(WHAT THE TASK REQUIRES)
Below are records; copy every line among them that contains the word "Army".
☆ ☆ ☆ ☆ ☆ ☆ ☆
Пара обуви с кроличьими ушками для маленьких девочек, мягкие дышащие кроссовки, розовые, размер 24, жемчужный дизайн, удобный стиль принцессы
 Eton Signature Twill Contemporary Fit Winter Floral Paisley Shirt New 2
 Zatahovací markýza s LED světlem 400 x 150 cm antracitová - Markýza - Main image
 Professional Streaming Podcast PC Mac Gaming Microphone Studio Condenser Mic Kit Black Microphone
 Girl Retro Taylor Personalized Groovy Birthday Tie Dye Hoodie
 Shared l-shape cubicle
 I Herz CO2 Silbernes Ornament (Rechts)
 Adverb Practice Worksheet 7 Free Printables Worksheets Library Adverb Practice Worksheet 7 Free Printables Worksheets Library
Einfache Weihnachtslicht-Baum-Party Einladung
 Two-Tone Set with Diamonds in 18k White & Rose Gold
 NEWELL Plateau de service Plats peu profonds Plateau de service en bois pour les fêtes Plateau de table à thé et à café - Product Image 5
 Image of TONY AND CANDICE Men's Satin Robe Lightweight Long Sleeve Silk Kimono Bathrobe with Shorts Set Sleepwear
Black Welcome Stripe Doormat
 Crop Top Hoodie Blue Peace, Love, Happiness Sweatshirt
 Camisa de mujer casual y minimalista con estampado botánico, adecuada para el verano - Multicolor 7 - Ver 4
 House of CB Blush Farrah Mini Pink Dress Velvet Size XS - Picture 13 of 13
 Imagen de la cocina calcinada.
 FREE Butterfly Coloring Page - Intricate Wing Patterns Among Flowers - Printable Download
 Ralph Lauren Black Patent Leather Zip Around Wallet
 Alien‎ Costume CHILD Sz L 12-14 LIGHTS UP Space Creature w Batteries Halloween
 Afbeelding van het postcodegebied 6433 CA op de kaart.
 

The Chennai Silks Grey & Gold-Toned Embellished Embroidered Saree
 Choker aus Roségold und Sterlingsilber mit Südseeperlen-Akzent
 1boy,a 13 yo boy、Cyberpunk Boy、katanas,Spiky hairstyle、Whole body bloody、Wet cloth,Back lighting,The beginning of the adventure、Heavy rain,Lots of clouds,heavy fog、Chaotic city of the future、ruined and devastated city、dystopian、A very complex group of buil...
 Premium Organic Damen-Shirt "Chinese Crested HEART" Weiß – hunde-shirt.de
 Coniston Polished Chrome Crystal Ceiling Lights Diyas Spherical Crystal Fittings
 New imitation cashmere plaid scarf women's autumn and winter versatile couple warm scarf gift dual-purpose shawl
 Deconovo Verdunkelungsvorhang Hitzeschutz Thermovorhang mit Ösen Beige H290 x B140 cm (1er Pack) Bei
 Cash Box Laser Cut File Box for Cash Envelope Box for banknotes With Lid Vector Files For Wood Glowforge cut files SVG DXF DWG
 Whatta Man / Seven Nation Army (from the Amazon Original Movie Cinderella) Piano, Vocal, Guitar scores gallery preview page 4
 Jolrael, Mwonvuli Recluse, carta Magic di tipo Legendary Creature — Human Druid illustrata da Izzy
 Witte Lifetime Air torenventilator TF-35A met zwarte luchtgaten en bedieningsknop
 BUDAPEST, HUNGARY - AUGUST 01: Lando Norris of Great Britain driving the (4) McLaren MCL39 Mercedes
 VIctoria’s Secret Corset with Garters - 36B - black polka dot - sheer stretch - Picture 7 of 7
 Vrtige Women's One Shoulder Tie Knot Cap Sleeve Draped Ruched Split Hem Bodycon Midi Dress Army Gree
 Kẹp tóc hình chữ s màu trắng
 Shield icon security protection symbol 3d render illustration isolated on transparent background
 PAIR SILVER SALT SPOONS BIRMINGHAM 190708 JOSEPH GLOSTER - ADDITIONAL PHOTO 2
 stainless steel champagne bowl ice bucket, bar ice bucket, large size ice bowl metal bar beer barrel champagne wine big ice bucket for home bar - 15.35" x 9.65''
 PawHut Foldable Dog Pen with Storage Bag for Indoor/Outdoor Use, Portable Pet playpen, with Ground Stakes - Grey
☆ ☆ ☆ ☆ ☆ ☆ ☆
(RESPONSE AREA)
 Whatta Man / Seven Nation Army (from the Amazon Original Movie Cinderella) Piano, Vocal, Guitar scores gallery preview page 4
 Vrtige Women's One Shoulder Tie Knot Cap Sleeve Draped Ruched Split Hem Bodycon Midi Dress Army Gree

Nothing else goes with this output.